Typically, at least half of every revenue dollar is spent on goods and services purchased from external suppliers. As companies focus on their core competencies and outsource their non-core operations, this percentage has steadily increased. In certain industries, such as technology and automotive, purchases from external suppliers can add up to 80 percent of the total cost of new products.
While there are clear cost and efficiency benefits to utilizing suppliers for certain aspects of the business, the reliance on third parties significantly raises an organization’s supply and pricing risk and increases its exposure to adverse scenarios such as safety issues and lack of regulatory compliance. To continually improve operational performance, manage costs and reduce regulatory risks, a company must be able to select appropriate suppliers and monitor and manage their performance over time.
Companies that implement successful supplier lifecycle management programs are able to identify problems earlier and implement corrective actions more quickly—before the problem snowballs and affects both their reputation and earnings.
Supplier lifecycle management is the process of qualifying, evaluating, classifying, developing and analyzing and managing supplier performance to reduce costs, mitigate risk and drive continuous improvements in value and operations.
Companies that have implemented supplier lifecycle management programs have been able to significantly improve the efficiency and effectiveness of their supply chains. Key benefits that these companies have realized include:
- Identify and address weak links, as well as reward strong performers within the supply chain, by using Key Performance Indicators (KPIs) to ensure a well-functioning and competitive supply chain.

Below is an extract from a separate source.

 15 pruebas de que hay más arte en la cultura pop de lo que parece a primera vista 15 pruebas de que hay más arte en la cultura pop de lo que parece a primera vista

- Reduce supply risk by gaining visibility into metrics that serve as an early warning system for potential supply interruption, quality issues or price fluctuations.
- Develop a scorecard on how well a supplier is performing against its contract terms and, as a result, employ a mechanism to implement contract compliance.
- Increase organization-wide alignment on key operational objectives. When setting KPIs for measuring a supplier, gain the ability to identify the primary business objective from this list: a) reducing component costs b) improving component quality c) increasing component delivery flexibility d) accelerating volume ramp-ups, etc.
- Build a strong foundation for implementing continuous improvement programs to identify future cost savings, improve quality, increase flexibility, improve delivery metrics, etc. For example, our customers use it to benchmark a supplier against its peers to compare their cost, on-time delivery, quality, support and responsiveness to issues, and then use the information to set future process improvement goals for the supplier.
- Establish a way to evaluate a supplier’s capabilities, which serves as input into future sourcing decisions. For example, if a company is looking to expand their supply base in anticipation of higher demand, it can use this data to select a supplier with the best record for both delivery flexibility and the ability to rapidly scale.